**Scraped caption text data**
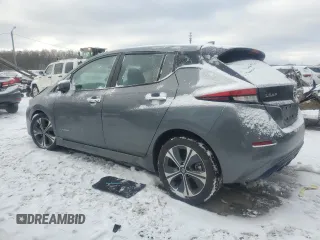2019 Nissan LEAF SV z VIN 1N4AZ1CP8KC316665, wystawiony jako Copart lot #46063065 z przebiegiem 29 759 mil mil oraz Szkody całkowita. Historia ofert i sprzedaży dostępna na DreamBid. Obrazek 2.
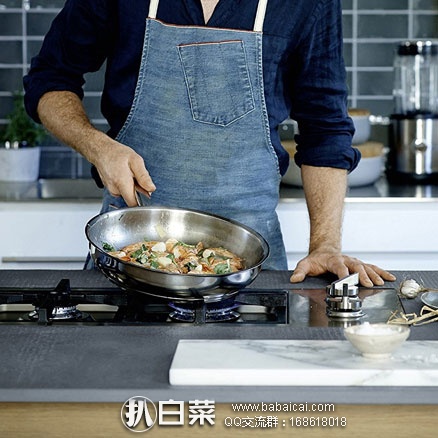 亚马逊中国:WMF 完美福 PROFI-PFANNEN系列 不锈钢平底煎锅 28cm 秒杀价¥¥399包邮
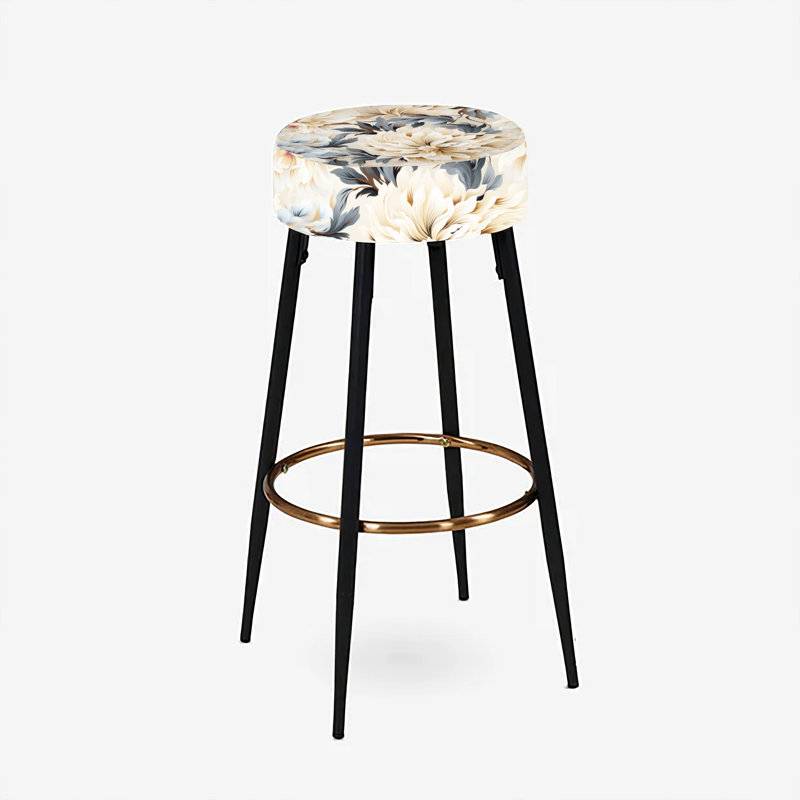 Boho Bar Stools Set Of 2, Ethereal Serenity Boho Pattern I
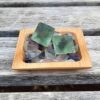 Natural Fluorite Octahedron Duo, Diamonds, Platonic Solids, Sacred Geometry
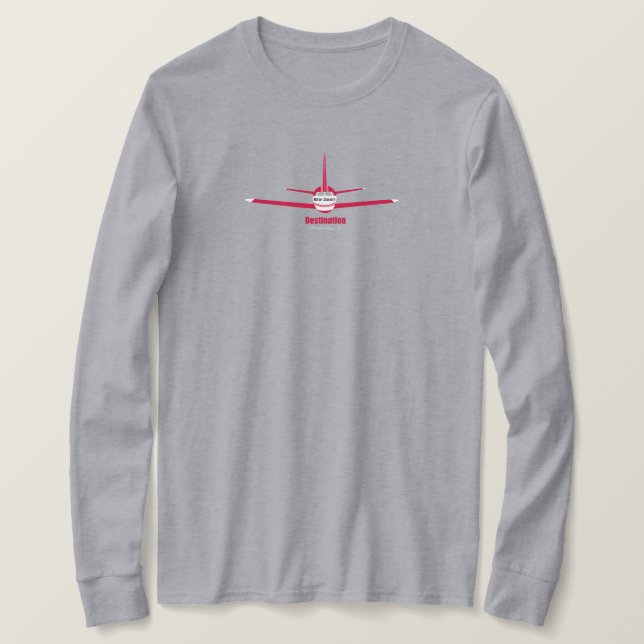 T-shirt Logo de l'avion NJ Destination Piscataway New Jers (Design devant)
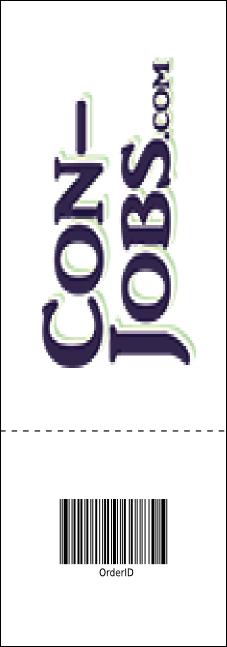 Tie Dye Raffle Ticket Product Back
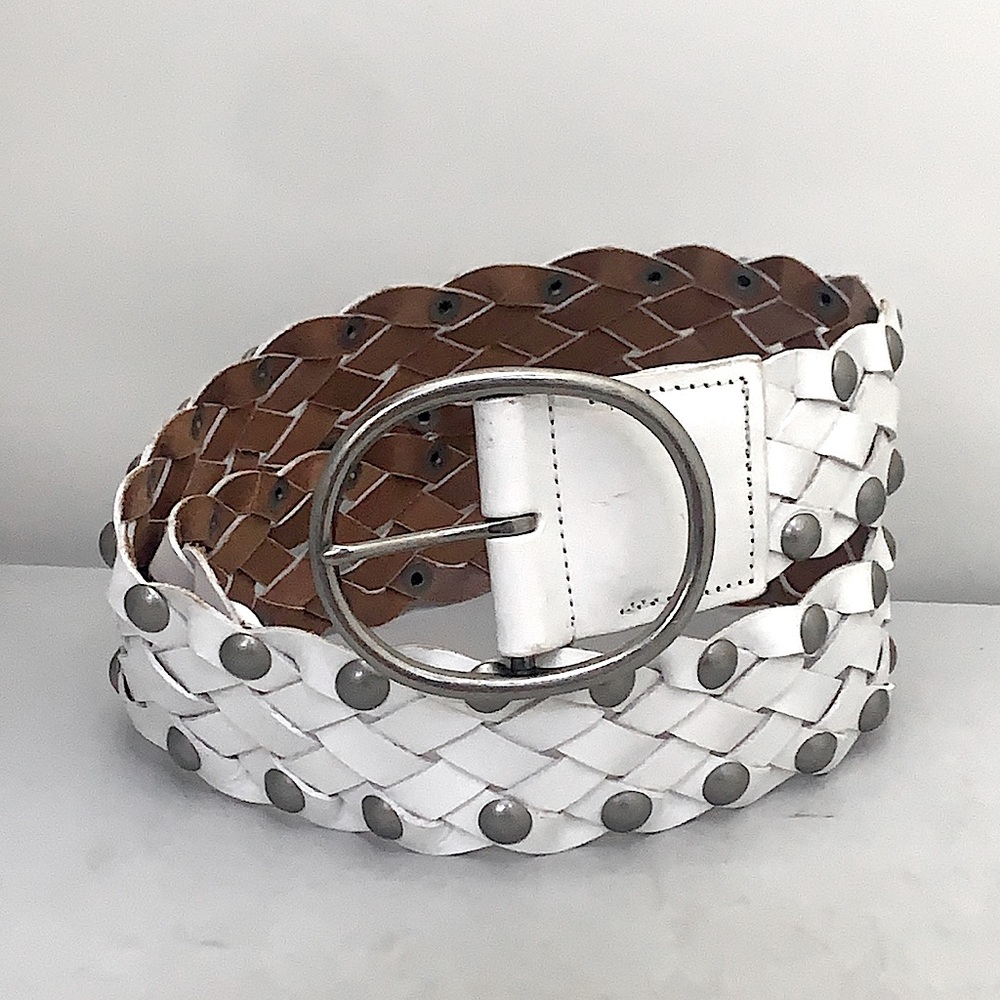 Vintage Fina Firenze Genuine Leather Stud Belt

**TASK TO COMPLETE**
Output exactly the lines from the line with "Tie Dye Raffle Ticket Product Back" to the last line of the records, including both, and leave every picture out.

**RESULT FOR THIS EXERCISE**
 Tie Dye Raffle Ticket Product Back
 Vintage Fina Firenze Genuine Leather Stud Belt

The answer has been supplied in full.